The aim of this research paper is to study in close detail, and to clarify in
some extent, the relationships between two well known approaches to rewriting as
logical deduction, namely, José Meseguer's rewriting logic, and the
constructor-based rewriting logic developed by Mario Rodríguez Artalejo's
research group in Madrid.

The first of these was proposed as a logical framework wherein to
represent other logics, and also as a semantic framework for the
specification of languages and systems. The experience accumulated
throughout the last years has come to support that original intention,
having been shown that rewriting logic is a very flexible framework
in which many other logics, including first-order logic, intuitionistic
logic, linear logic, Horn logic with equality, as well as any other
logic with a sequent calculus, can be represented. An important
characteristic of these representations that should be stressed is
that they are usually quite simple and natural, so that their
mathematical properties are often straightforward to derive.

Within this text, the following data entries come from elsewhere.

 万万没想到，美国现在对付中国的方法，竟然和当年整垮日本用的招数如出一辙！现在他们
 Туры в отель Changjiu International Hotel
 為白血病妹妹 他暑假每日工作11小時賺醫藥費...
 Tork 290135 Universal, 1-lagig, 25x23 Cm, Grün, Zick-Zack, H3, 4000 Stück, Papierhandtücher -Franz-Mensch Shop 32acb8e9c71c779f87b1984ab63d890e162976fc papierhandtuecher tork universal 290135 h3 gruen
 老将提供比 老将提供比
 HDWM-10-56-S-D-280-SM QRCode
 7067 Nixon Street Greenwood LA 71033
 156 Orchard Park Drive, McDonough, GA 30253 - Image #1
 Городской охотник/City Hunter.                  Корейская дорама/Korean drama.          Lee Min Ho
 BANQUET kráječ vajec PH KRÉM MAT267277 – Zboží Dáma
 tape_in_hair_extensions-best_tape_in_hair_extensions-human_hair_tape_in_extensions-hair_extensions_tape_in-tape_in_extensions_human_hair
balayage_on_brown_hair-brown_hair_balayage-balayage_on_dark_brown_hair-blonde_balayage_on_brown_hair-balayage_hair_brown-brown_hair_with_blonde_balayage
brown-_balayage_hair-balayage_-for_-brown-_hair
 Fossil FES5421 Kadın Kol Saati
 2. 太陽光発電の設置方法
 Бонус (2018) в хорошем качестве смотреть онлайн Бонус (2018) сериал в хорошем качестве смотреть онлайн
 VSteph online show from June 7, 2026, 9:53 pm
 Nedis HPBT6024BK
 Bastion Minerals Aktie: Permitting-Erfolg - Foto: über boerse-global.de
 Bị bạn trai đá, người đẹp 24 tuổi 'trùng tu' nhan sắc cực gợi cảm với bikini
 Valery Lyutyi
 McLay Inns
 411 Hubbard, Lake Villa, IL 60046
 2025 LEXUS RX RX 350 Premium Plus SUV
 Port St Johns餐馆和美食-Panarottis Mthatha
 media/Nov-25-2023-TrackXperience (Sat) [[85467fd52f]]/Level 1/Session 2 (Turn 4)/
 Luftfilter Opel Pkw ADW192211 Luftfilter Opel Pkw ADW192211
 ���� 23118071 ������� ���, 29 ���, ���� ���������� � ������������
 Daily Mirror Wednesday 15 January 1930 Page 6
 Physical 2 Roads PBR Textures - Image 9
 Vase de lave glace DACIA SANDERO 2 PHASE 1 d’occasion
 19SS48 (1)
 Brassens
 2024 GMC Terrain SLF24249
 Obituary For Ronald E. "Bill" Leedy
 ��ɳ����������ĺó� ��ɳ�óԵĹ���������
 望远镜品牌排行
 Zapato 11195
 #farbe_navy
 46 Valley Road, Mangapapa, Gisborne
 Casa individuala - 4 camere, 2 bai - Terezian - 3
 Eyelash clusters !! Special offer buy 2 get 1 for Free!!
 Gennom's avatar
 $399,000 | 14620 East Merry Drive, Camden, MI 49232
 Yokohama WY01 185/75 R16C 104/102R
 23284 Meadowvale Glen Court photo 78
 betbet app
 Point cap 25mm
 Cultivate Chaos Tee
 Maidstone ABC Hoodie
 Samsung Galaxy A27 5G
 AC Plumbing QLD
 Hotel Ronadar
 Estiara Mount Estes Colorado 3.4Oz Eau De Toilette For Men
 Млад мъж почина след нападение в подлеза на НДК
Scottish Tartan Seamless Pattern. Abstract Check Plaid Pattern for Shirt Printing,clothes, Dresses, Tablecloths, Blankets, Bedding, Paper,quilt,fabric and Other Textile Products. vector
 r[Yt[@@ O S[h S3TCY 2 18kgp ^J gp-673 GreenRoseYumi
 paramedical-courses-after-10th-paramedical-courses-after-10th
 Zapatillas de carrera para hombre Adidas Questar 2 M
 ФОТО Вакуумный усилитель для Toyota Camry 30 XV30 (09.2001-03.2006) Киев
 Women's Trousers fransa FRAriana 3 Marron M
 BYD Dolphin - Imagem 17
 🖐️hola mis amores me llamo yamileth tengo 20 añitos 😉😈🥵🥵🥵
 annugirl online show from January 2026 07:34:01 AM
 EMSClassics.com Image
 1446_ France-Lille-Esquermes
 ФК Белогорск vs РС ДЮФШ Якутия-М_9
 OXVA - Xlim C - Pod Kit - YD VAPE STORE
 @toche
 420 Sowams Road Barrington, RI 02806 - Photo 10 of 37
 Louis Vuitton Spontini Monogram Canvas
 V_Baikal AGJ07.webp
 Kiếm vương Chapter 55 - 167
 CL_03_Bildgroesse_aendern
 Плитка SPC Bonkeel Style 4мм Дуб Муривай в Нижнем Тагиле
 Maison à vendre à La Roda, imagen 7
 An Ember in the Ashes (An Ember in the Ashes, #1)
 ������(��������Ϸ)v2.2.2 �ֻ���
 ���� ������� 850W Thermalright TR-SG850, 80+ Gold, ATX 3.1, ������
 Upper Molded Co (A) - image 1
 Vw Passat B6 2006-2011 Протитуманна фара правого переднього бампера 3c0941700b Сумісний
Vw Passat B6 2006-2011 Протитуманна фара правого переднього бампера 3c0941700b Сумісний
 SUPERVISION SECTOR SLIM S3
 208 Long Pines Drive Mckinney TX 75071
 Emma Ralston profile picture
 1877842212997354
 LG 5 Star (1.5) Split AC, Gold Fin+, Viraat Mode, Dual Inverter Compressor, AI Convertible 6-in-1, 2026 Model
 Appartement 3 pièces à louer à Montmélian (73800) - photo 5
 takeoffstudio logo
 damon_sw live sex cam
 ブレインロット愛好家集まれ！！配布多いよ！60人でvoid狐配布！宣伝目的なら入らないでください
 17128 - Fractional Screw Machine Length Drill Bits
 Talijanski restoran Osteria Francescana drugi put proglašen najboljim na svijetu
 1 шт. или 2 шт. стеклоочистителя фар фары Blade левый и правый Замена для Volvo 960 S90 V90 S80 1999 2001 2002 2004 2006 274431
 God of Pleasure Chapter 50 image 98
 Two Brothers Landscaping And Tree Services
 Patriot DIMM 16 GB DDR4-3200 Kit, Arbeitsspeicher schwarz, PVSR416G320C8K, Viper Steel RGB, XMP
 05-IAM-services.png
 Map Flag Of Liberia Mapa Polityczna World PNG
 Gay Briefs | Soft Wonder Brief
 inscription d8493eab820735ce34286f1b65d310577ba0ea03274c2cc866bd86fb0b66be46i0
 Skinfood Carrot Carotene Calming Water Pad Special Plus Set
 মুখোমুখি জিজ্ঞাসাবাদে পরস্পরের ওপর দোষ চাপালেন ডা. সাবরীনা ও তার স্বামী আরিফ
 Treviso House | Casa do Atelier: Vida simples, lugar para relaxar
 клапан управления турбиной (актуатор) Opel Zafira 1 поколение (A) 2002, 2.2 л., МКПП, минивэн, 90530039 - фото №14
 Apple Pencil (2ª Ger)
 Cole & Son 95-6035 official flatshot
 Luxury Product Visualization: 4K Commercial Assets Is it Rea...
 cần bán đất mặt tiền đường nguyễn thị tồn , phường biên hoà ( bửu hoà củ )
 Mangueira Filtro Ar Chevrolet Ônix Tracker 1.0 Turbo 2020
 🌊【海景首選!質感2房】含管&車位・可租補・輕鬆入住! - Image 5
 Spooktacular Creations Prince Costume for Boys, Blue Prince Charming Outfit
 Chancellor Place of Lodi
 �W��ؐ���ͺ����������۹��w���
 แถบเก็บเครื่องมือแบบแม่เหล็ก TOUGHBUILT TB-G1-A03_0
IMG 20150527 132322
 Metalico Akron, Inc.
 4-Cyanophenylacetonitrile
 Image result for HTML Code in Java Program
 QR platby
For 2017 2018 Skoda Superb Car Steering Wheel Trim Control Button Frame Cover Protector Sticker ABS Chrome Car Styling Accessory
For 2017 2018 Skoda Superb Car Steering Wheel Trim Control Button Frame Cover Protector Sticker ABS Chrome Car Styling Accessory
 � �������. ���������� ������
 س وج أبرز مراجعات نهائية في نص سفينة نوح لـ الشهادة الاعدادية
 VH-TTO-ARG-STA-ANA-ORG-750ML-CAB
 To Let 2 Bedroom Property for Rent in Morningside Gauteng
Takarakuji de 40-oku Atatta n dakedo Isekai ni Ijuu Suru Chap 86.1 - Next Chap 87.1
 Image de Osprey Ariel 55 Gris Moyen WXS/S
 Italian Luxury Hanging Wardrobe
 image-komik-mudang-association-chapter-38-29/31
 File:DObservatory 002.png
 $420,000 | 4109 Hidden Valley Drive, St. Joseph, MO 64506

On the other hand, the goal of the constructor-based rewriting
logic is to serve as a logical basis for declarative programming
languages involving lazy evaluation, offering support, in addition,
to nondeterministic functions.

A suitable framework in which to carry out our study is the theory of
*general logics* developed by Meseguer. There, a logic is described in a
very abstract manner and two separated components are distinguished in it: an
*entailment system* and an *institution*, corresponding with the
syntantic and the semantic parts of the logic, respectively. Ideally, we would
like to find entailment systems and institutions associated to the logics under
our consideration so as to be able to define suitable mappings between them;
unfortunately, this will prove to be not possible in all cases, and in those
occasions we will be forced to leave this formal framework.

Our interest throughout this work will be mainly focused on the
simplest versions of both logics, corresponding to an untyped
situation. Nevertheless we will also introduce some of their possible
extensions in order to point out how our methods could be adapted to
deal with more general cases. (Actually, rewriting logic is parameterized
by an underlying equational logic, which can vary from the very simple
unsorted and unconditional one with which we will be mostly concerned,
to the very expressive membership equational logic.)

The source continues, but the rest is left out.